During her trip on Friday, Harris visited a border patrol station, met with advocates from faith-based non-government organizations and delivered public remarks.
Homeland Security Secretary Alejandro Mayorkas joined Harris in El Paso.
In remarks to the media, Harris told reporters that her visit reinforced her findings from a foreign trip to Guatemala and Mexico earlier this month.
"The stories that I heard today reinforce the nature of those root causes," Harris said. "It is going to require, as we have been doing, a comprehensive approach that acknowledges each piece of this."
"In five months, we've made progress, but there's still more work to be done, but we've made progress," she later added.
President Joe Biden tasked Harris with addressing immigration after border officials reported encountering a record number of undocumented immigrants earlier this year.
Earlier this month, Harris took her first foreign trip as vice president to Guatemala and Mexico. While there, she spoke with leaders about collaborative efforts the U.S. and Northern Triangle countries could take stem immigration.
During that trip, Harris spoke directly to migrants seeking refuge in the U.S. and asked them to hold off on making the dangerous trip northward.
"Do not come. Do not come. The United States will continue to enforce our laws and secure our border. There are legal methods by which migration can and should occur," Harris said.
She added that leaders in the U.S. and other North and Central American countries were working on solutions.
"The power of hope, the ability that each of our governments has to give people a sense that help is on the way," Harris said.
Harris chose not to visit the U.S.-Mexico border during that foreign trip, prompting criticism from Republican lawmakers.
"I think she should go to the border to get that off her back," Sen.

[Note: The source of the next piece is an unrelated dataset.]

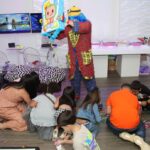 Payaso Pikorete celebrando el Cumpleaños de Alaia en Kissimmee Fl Piñata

Lindsey Graham, R-South Carolina, told McClatchy earlier this month.
Amid her trip, during an interview with NBC's Lester Holt, Harris compared visiting the border with visiting Europe.
"At some point, you know, we are going to the border," Harris said in the interview. "We've been to the border. So this whole, this whole, this whole thing about the border. We've been to the border. We've been to the border."
"You haven't been to the border," Holt responded.
"I, and I haven't been to Europe. And I mean, I don't — I don't understand the point that you're making," Harris said. "I'm not discounting the importance of the border."